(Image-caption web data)

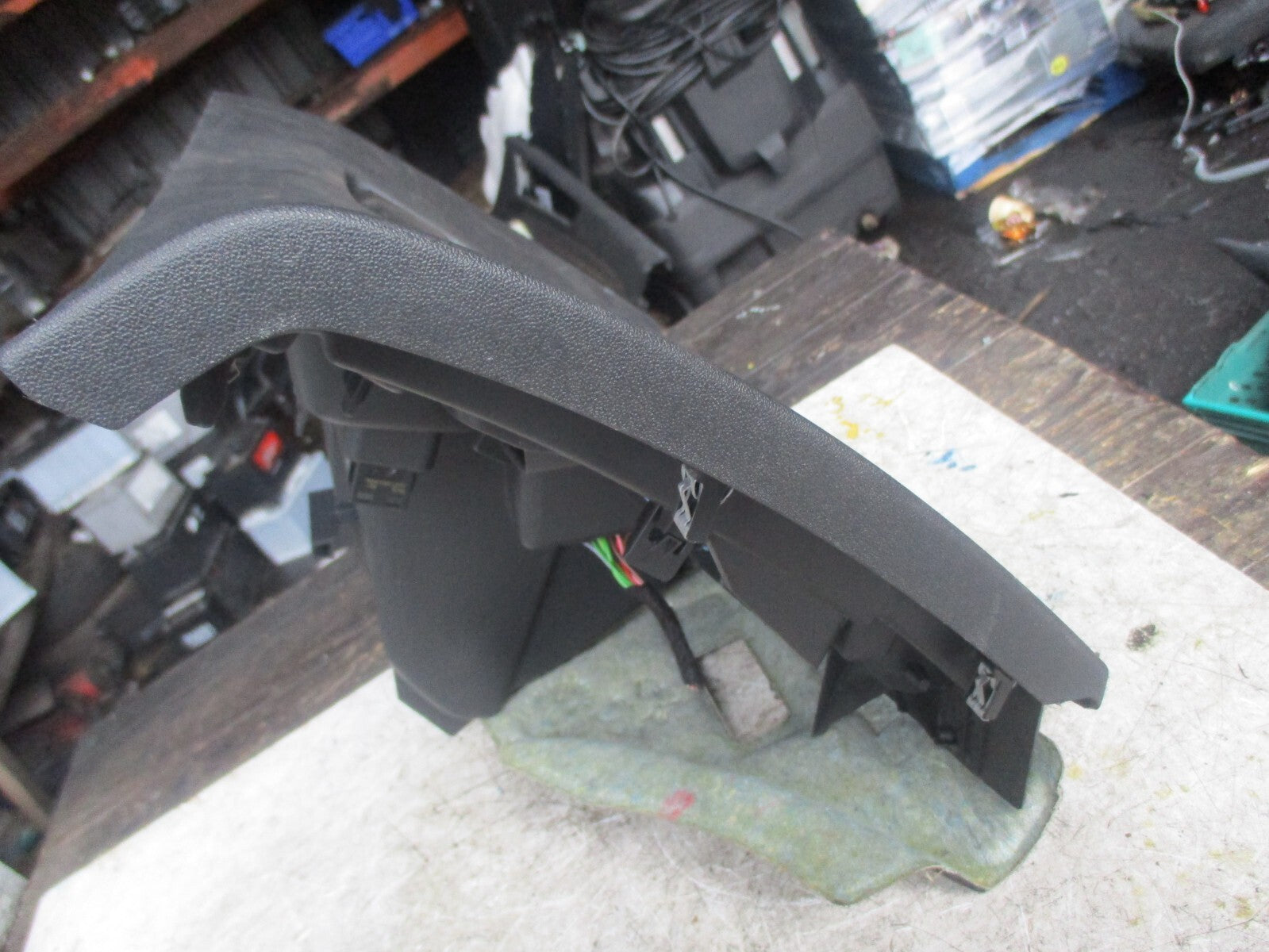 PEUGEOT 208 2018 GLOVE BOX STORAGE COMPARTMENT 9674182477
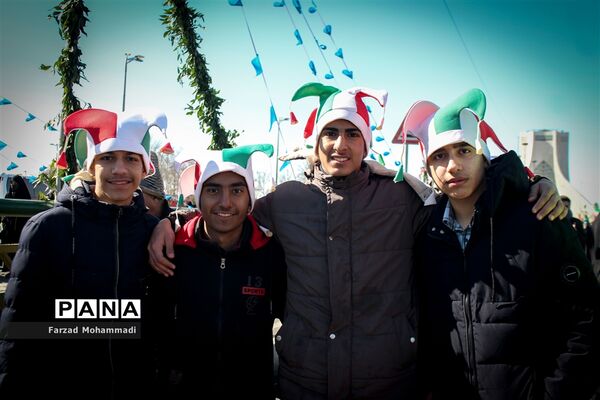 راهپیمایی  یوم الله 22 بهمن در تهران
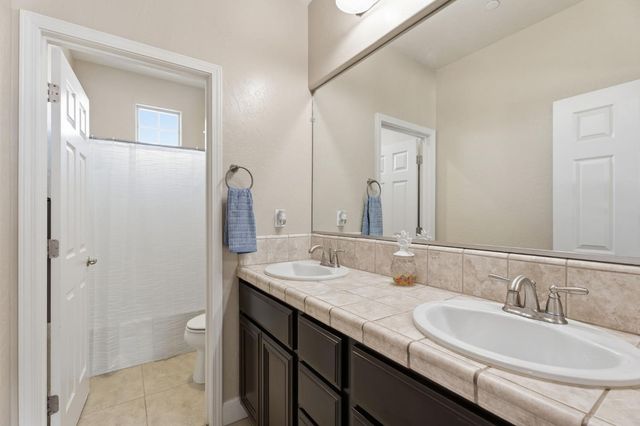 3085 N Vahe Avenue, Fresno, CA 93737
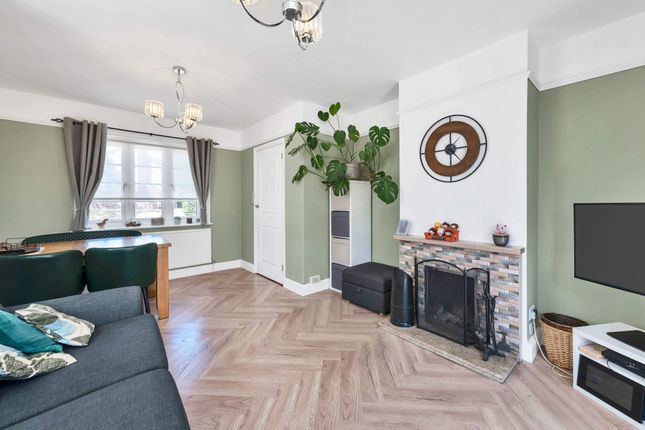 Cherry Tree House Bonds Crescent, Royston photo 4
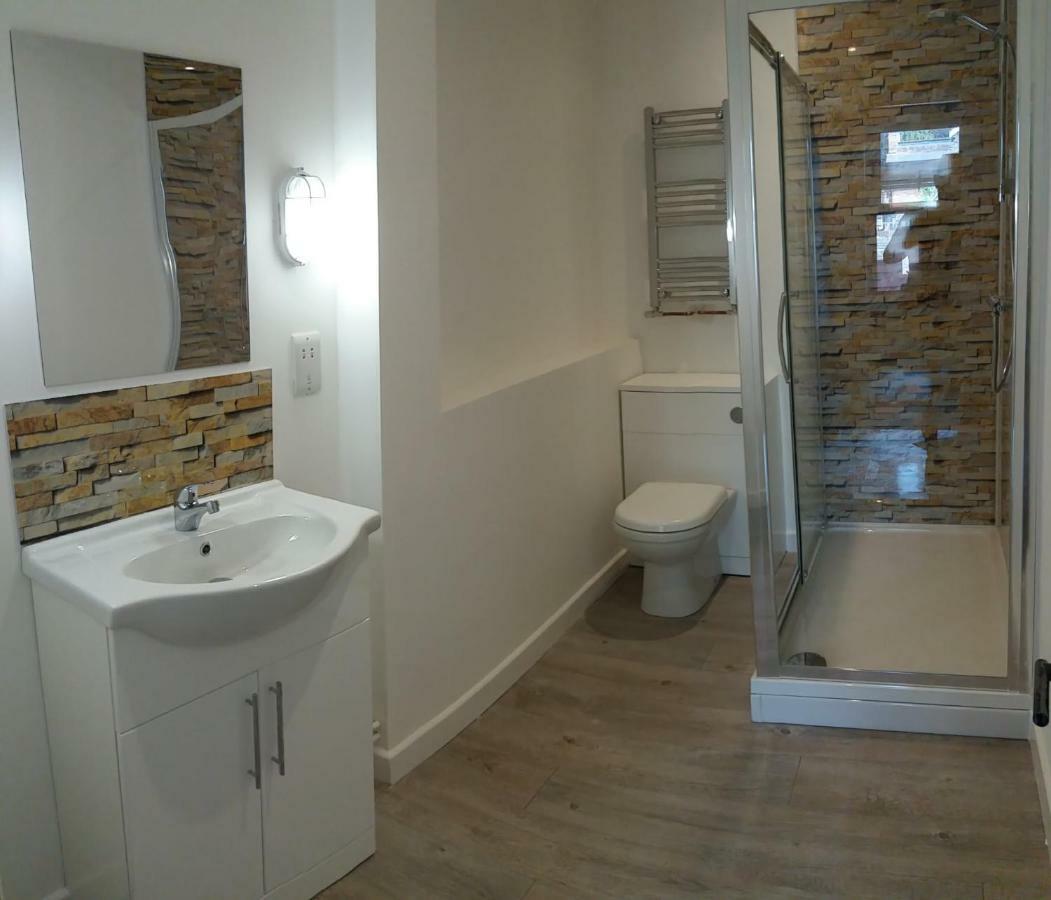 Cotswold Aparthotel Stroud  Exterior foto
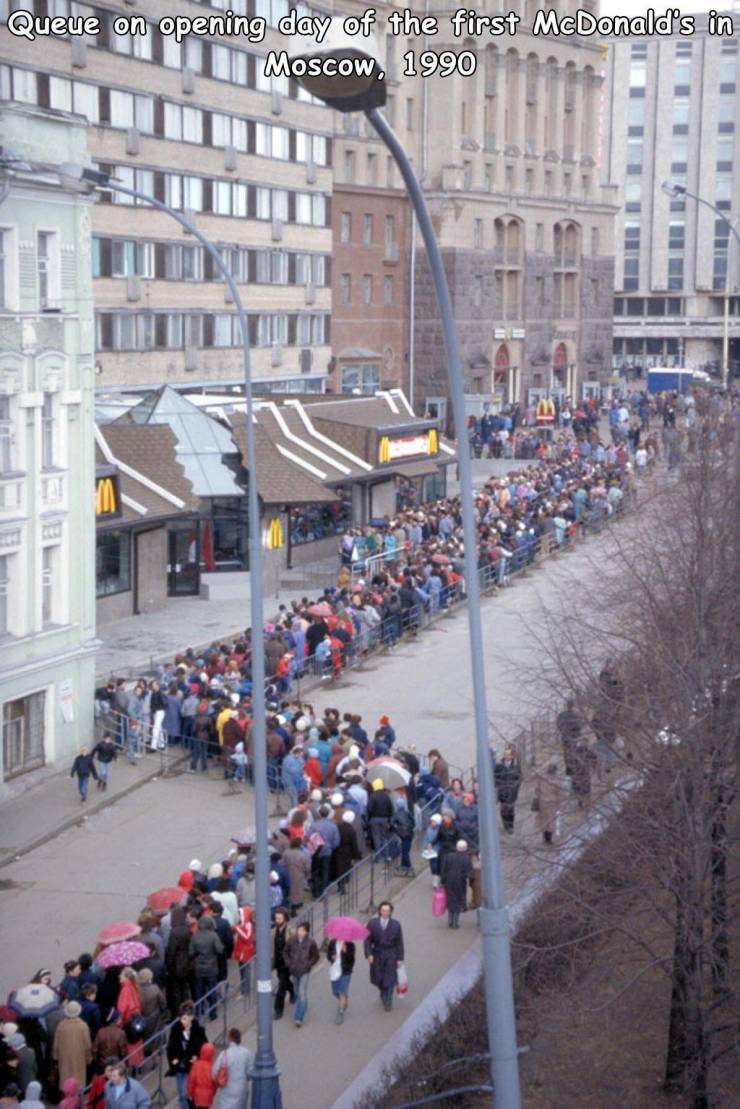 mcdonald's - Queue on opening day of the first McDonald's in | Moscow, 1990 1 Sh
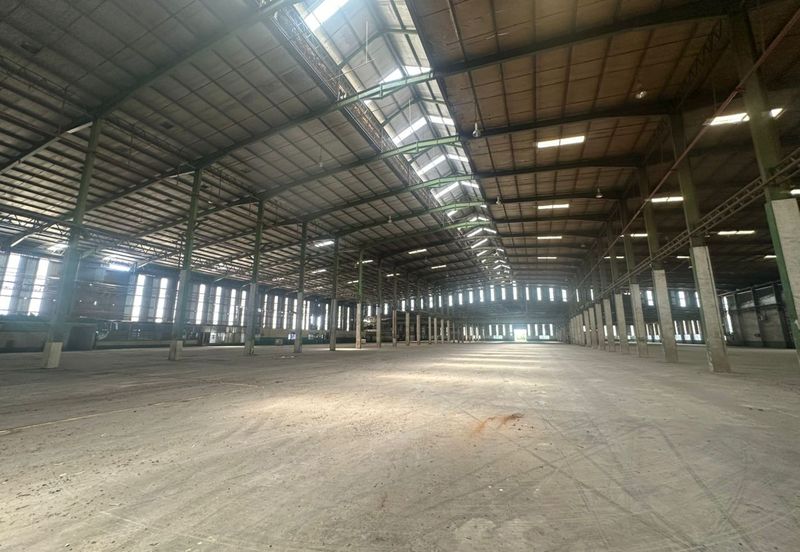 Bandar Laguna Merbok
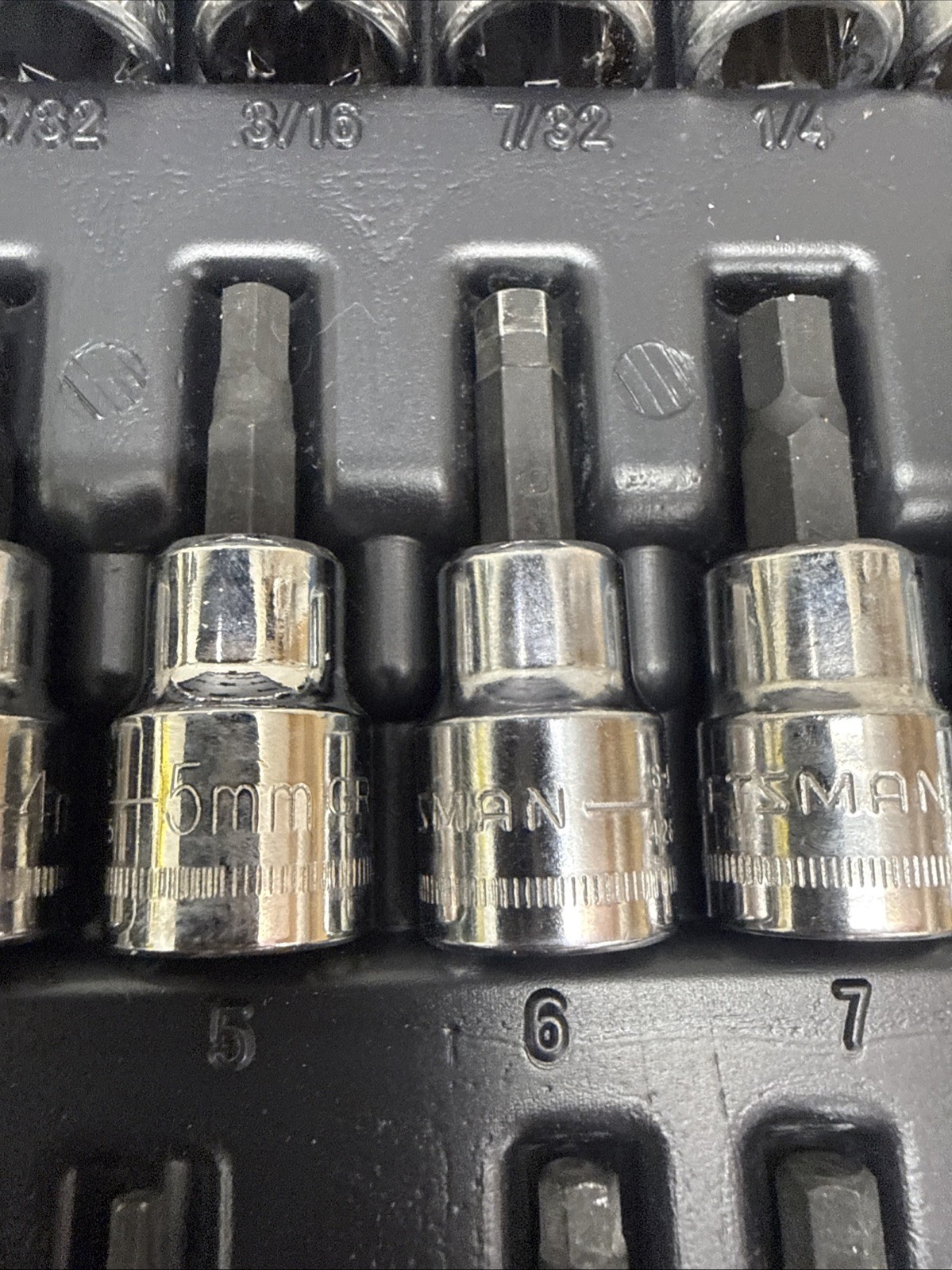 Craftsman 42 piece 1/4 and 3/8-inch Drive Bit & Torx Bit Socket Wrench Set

TASK DESCRIPTION:
Restate the records word for word and drop the images.

ANSWER BOX:
 PEUGEOT 208 2018 GLOVE BOX STORAGE COMPARTMENT 9674182477
 راهپیمایی  یوم الله 22 بهمن در تهران
 3085 N Vahe Avenue, Fresno, CA 93737
 Cherry Tree House Bonds Crescent, Royston photo 4
 Cotswold Aparthotel Stroud  Exterior foto
 mcdonald's - Queue on opening day of the first McDonald's in | Moscow, 1990 1 Sh
 Bandar Laguna Merbok
 Craftsman 42 piece 1/4 and 3/8-inch Drive Bit & Torx Bit Socket Wrench Set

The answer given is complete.